● **Instructions to follow**
In the entries below, begin at the line with "Credit : IM/KHARBINE-TAPABOR." and stop after the line with "Bir Kedi Atasözü"; output those lines exactly and omit the pictures.

● **Given entries**
◆ ◆ ◆ ◆ ◆
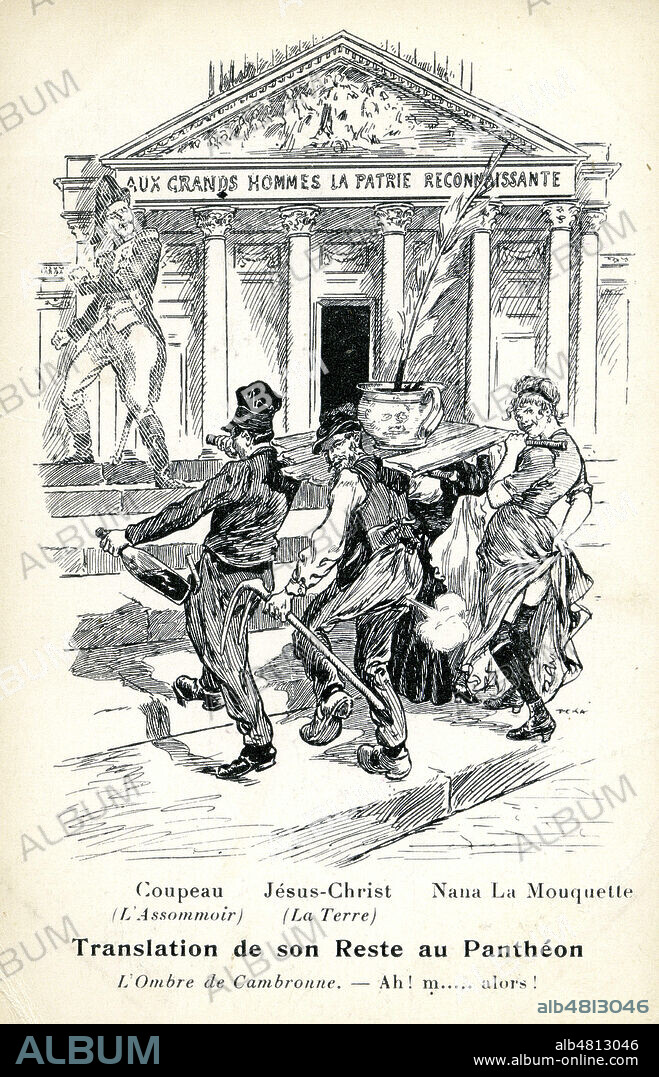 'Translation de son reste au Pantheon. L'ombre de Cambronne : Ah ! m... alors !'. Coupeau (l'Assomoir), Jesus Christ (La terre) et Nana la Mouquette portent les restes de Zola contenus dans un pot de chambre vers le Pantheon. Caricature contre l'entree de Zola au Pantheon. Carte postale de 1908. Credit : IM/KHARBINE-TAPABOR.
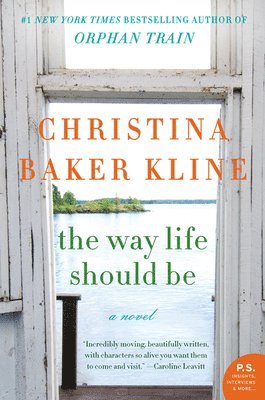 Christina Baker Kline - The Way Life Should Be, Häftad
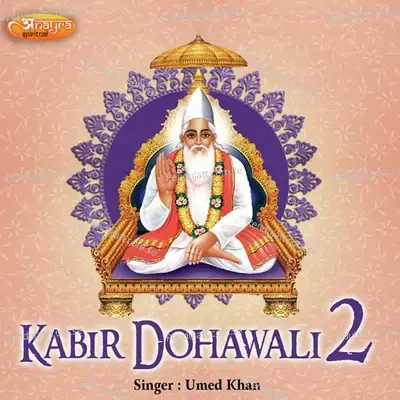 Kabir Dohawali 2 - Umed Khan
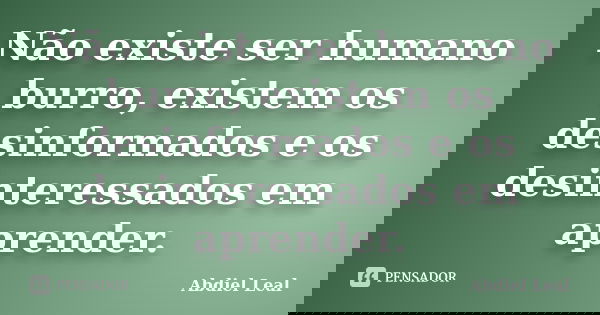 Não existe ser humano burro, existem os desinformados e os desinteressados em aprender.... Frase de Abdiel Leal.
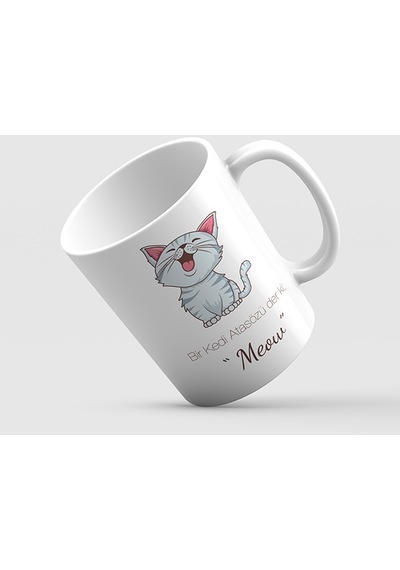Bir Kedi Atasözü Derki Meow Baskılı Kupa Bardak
◆ ◆ ◆ ◆ ◆
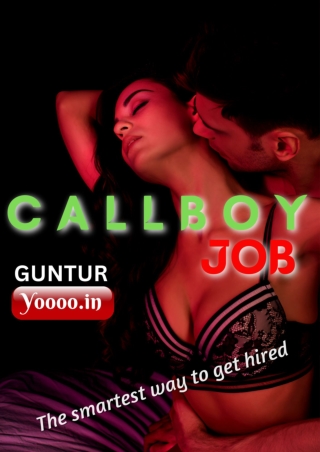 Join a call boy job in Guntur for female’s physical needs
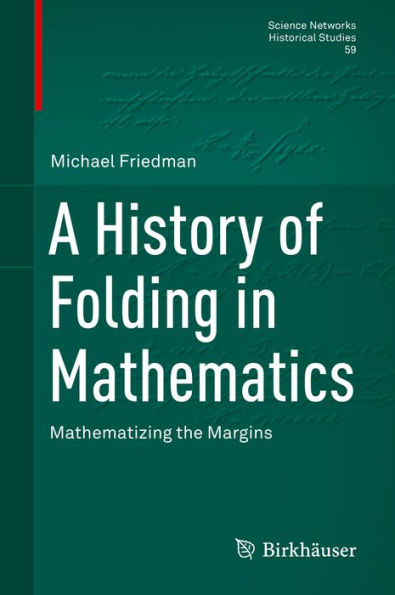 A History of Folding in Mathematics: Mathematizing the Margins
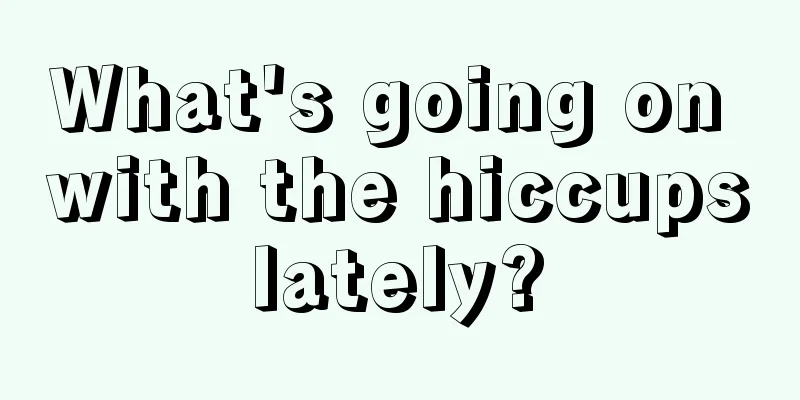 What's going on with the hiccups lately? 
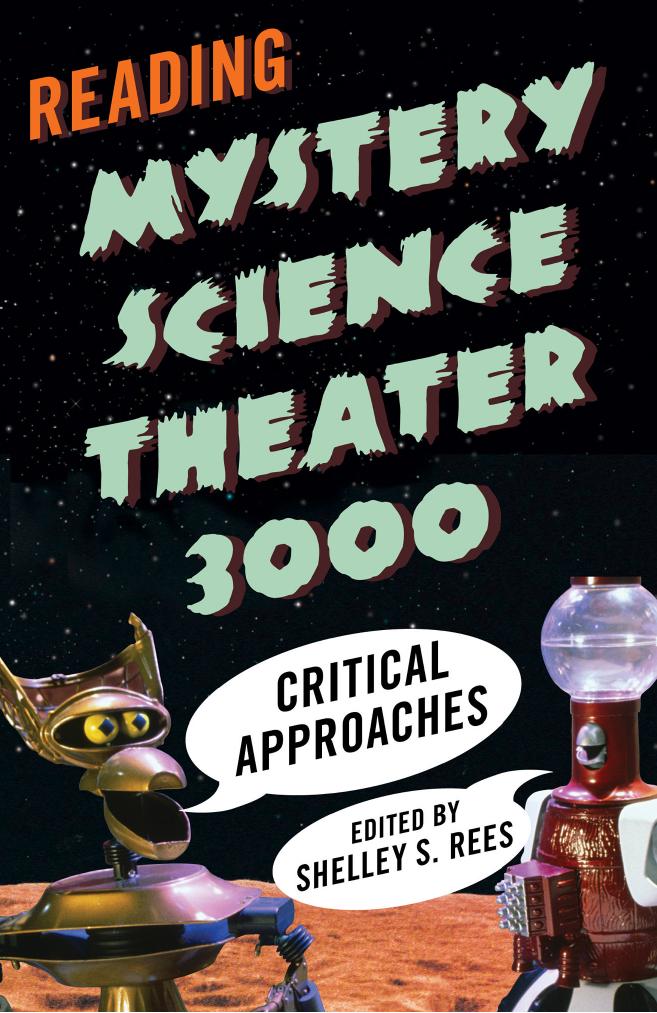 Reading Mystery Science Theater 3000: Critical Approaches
◆ ◆ ◆ ◆ ◆
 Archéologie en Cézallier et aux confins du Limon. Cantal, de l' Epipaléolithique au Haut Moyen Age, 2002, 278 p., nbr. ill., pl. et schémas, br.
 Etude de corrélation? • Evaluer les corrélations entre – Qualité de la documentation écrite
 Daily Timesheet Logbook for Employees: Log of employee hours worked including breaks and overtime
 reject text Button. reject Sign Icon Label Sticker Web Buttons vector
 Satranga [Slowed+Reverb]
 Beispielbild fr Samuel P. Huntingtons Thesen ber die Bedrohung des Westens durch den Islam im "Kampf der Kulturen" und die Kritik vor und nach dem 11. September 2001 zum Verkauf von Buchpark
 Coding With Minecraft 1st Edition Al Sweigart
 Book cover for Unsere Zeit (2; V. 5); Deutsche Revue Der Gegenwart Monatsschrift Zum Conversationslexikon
◆ ◆ ◆ ◆ ◆
● **Answer box**
 'Translation de son reste au Pantheon. L'ombre de Cambronne : Ah ! m... alors !'. Coupeau (l'Assomoir), Jesus Christ (La terre) et Nana la Mouquette portent les restes de Zola contenus dans un pot de chambre vers le Pantheon. Caricature contre l'entree de Zola au Pantheon. Carte postale de 1908. Credit : IM/KHARBINE-TAPABOR.
 Christina Baker Kline - The Way Life Should Be, Häftad
 Kabir Dohawali 2 - Umed Khan
 Não existe ser humano burro, existem os desinformados e os desinteressados em aprender.... Frase de Abdiel Leal.
Bir Kedi Atasözü Derki Meow Baskılı Kupa Bardak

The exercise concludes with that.